Members of the young new-music group Face the Music performed Johnson’s 1982 Counting Duets, a set of maddeningly overlaid patterns without singing or instrumental accompaniment—sequences of numbers read aloud and in rhythm, designed to circle around and meet as the cycles sync. Munro had frequently performed the duets with eighth blackbird, but the talented young Face the Music crew proved to be a great foil. While not lacking in ability (the one little slip came from Munro), it was hard not to look at Johnson’s exercises differently when done by kids—something of a schizophrenic Sesame Street.

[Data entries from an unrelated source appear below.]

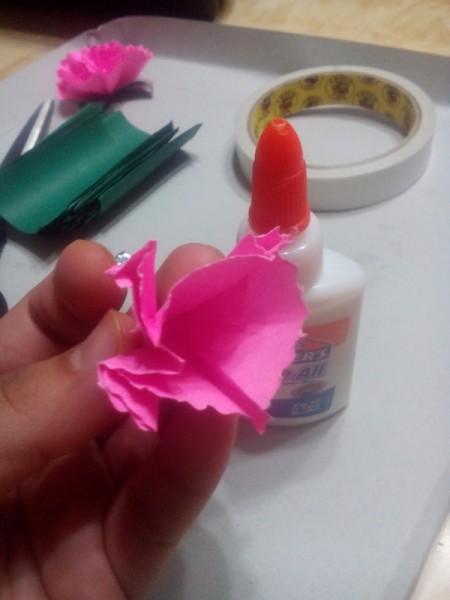 Paper Carnation Wreath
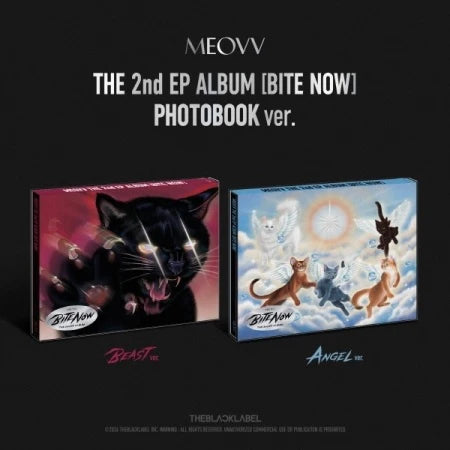 MEOVV - 2nd EP Album [BITE NOW] (PHOTOBOOK Ver.) (BEAST Ver. / ANGEL Ver.)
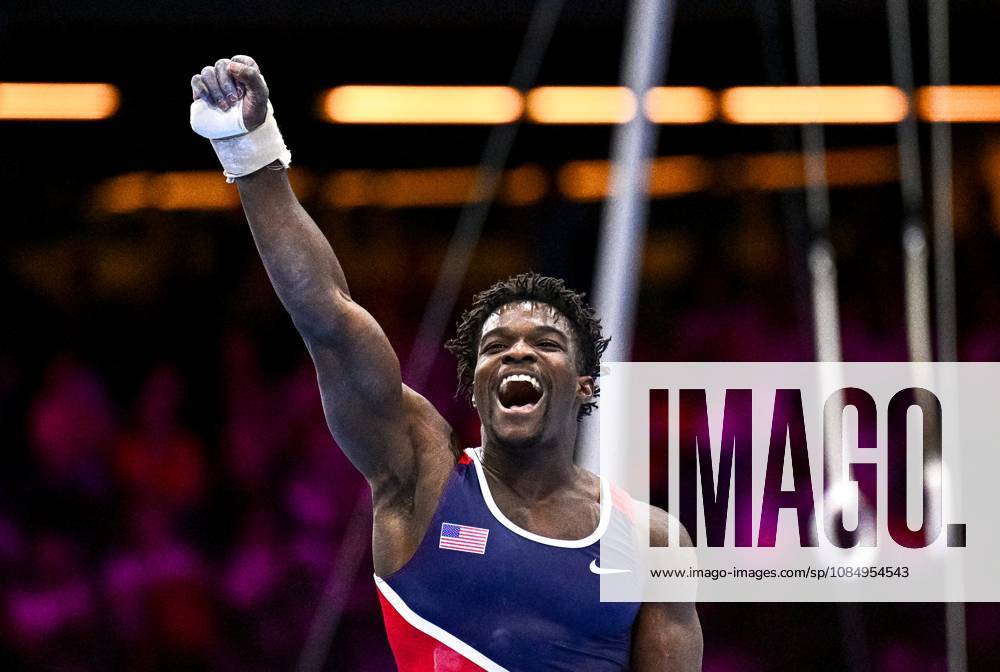Netherlands Artistic Gymnastics World Championships 9271916 24.10.2026 Frederick Richard of the United States reacts after competing in the men s floor exercise final at the 2026 World Artistic Gymnastics Championships in Rotterdam, the Netherlands. Alexey Filippov Sputnik Rotterdam Netherlands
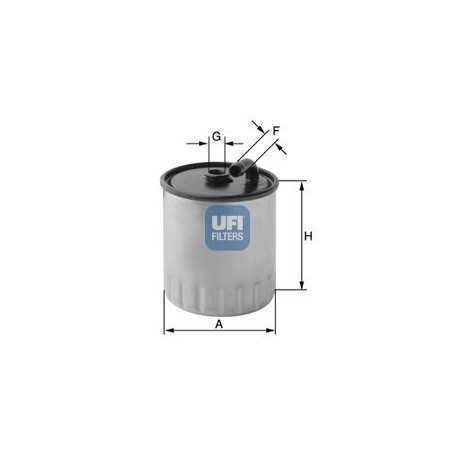 Filtro carburante UFI codice 24.429.00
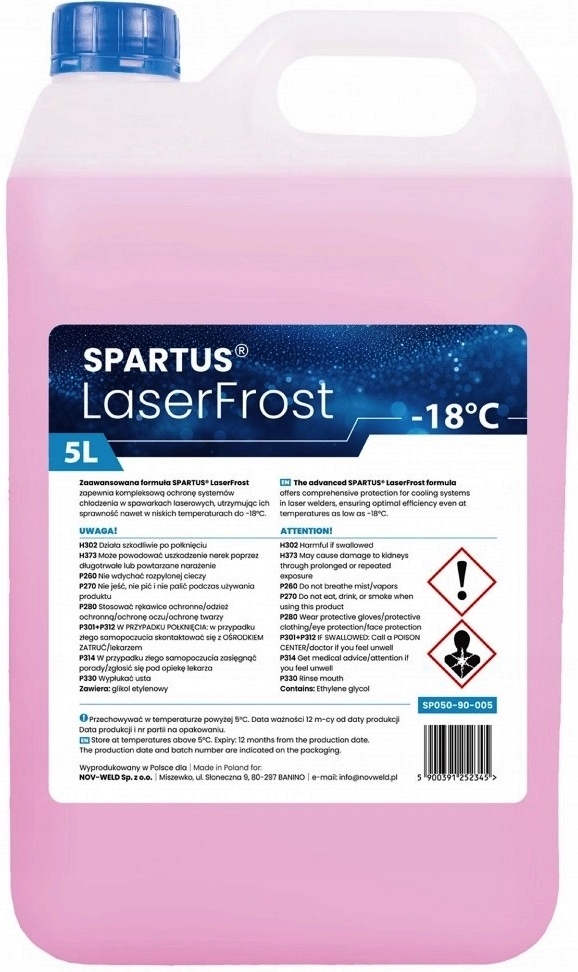 Chladicí Kapalina Pro Laserové Svařovací Stroje Spartus LaserFrost 5L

Munro called David Reminick’s Seven Somniloquies “probably the hardest thing I’ve ever had to play,” before facing that music in its New York premiere. The composer wrote it for his wife, who talks in her sleep. Transcribing her unconscious utterances, Reminick gave them a musical setting that calls upon the flutist to sing while playing. “No hat – mud will take care of me,” Munro intoned again and again in a surprisingly strong tenor, the repetitions submerged under breathy flute trills and curious near-rhymes (“I don’t want a face kick / I don’t want a baby picture”), along with virtuosic instrumental accompaniment. When he sang “I can’t be the number three,” it seemed almost a refutation of Johnson’s work—again, not in the restful state of drifting off to sleep but in the sometimes anxious state of being asleep.

Soprano Kate Soper’s Only the Words Themselves Mean What They Say (2011-12) didn’t relate directly to the concert’s theme, but it was easy to imagine the characters having a sleepless night afterwards. Soper wrote the piece for flutist Erin Lesser, her bandmate in the Wet Ink Ensemble, and Munro’s concert marked the first time Soper has performed it with a male, turning the dialogue into a confrontation. The tense, domestic scene was abetted by a floor lamp and the sonic setting enhanced by generous reverb.

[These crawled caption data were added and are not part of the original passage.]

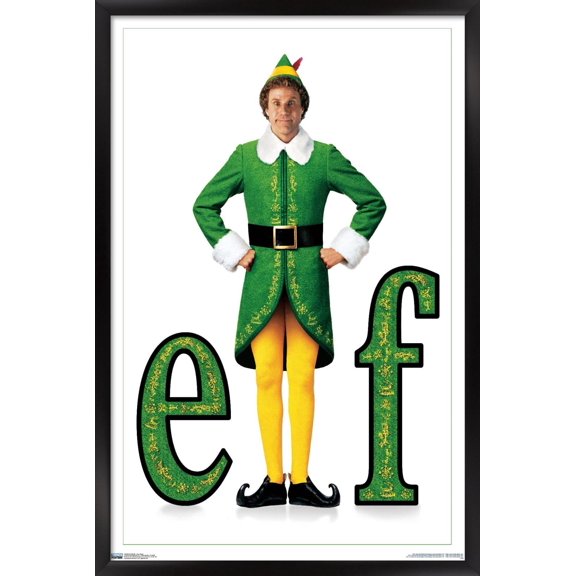24X36 Elf - One Sheet Wall Poster, 24" x 36", Framed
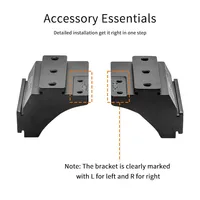 Support de fixation rapide pour lampe de projecteur sur montant A ou capot, en aluminium, pour Nissan X-Trail (modèles 2014-2021)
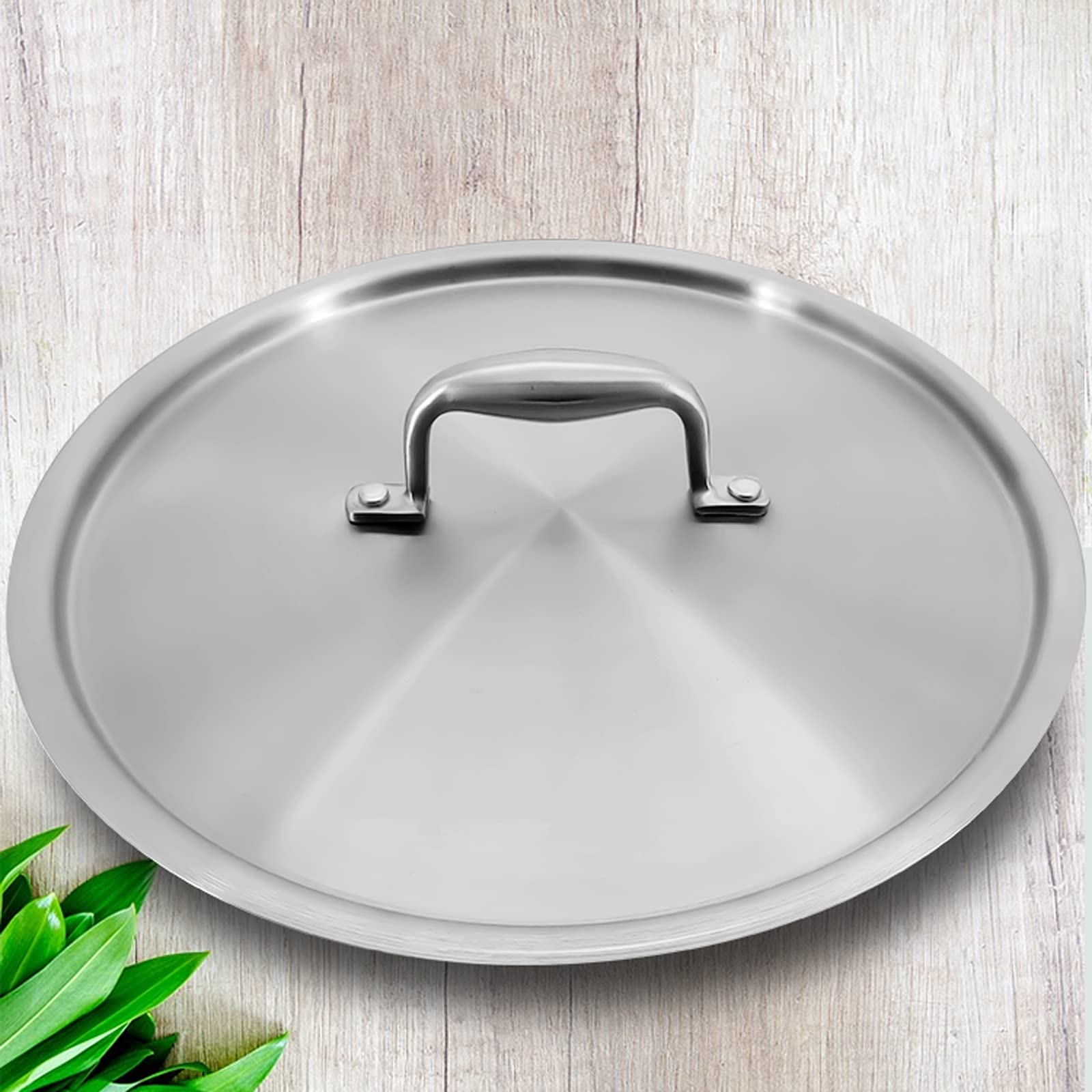 Pan deksel roestvrij staal universeel deksel multifunctioneel rond potdeksel verdikte pandeksel biefstuk deksel met handvat voor pannen, potten en koekenpannen glazen deksel (maat: 18cm
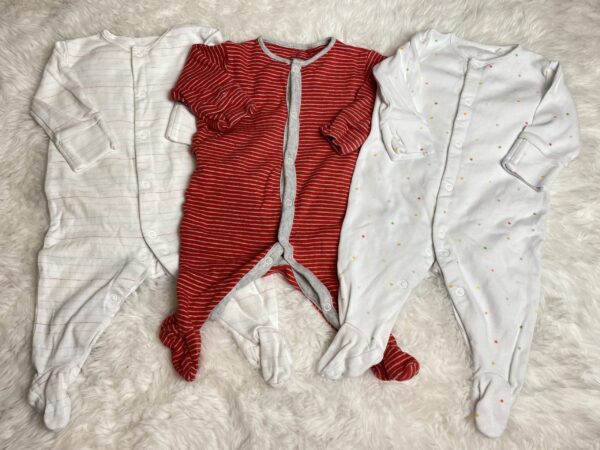 Next Set of 3 Sleepsuits, 0-3M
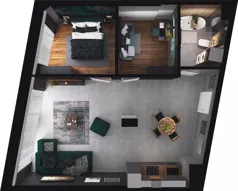 1 pokój, lokal inwestycyjny 65,49 m², piętro 5, oferta nr 1.5.066, Granaria, Gdańsk, Śródmieście, ul. Chmielna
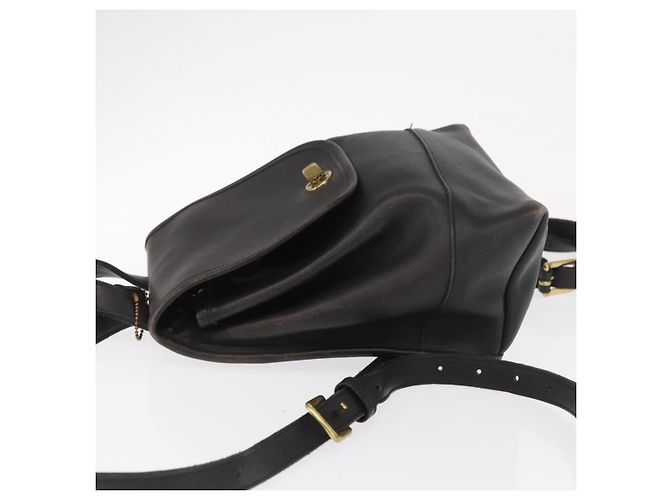 Coach Zaino in pelle nero e oro Auth am9257 D'oro - vista 4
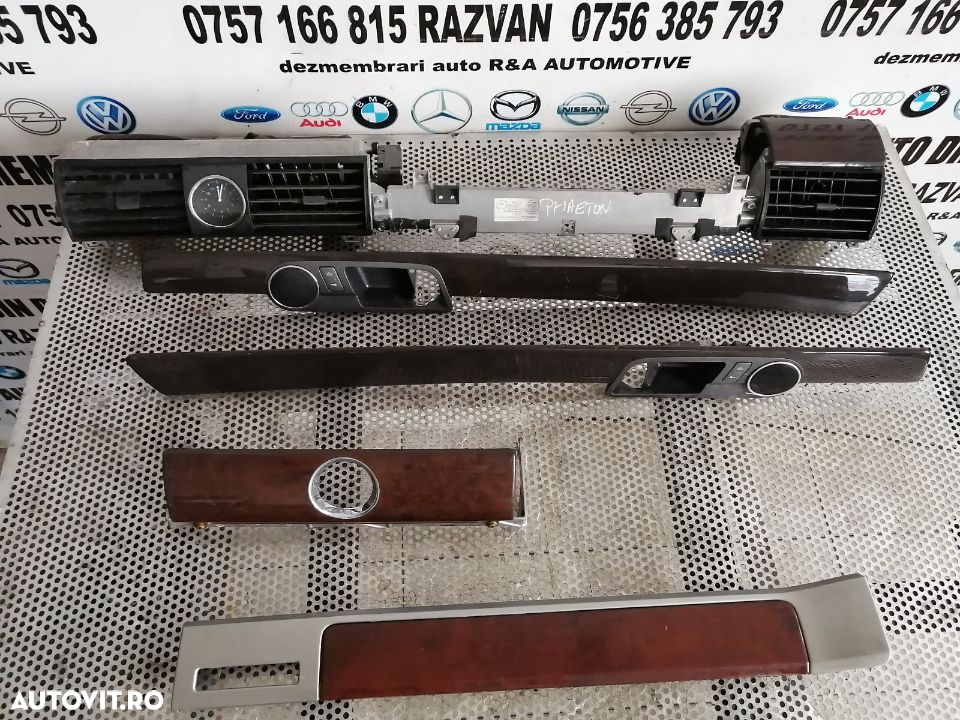 Ornament Trim Bord VW Phaeton 2003 2010 Volan Stanga - 4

Brett Dean wrote Notes From the twittersphere (for piccolo) on the occasion of Munro’s leaving eighth blackbird, and as an attempt at reclaiming the Twittersphere for the birds. A world premiere, it was Webernesque in its brevity, and in its upward exclamations

Cerrone’s gentle duet—a world premiere commissioned by Miller Theatre—made a strong conclusion and was the evening’s highlight. Electronic tones—a soundbed, perhaps—emanated from the back of the room like a lullaby. As if encouraging the audience to drift off—the calm at the end of a frightful night—the result plumbed the subconscious, a realm less peaceful than one likes to imagine.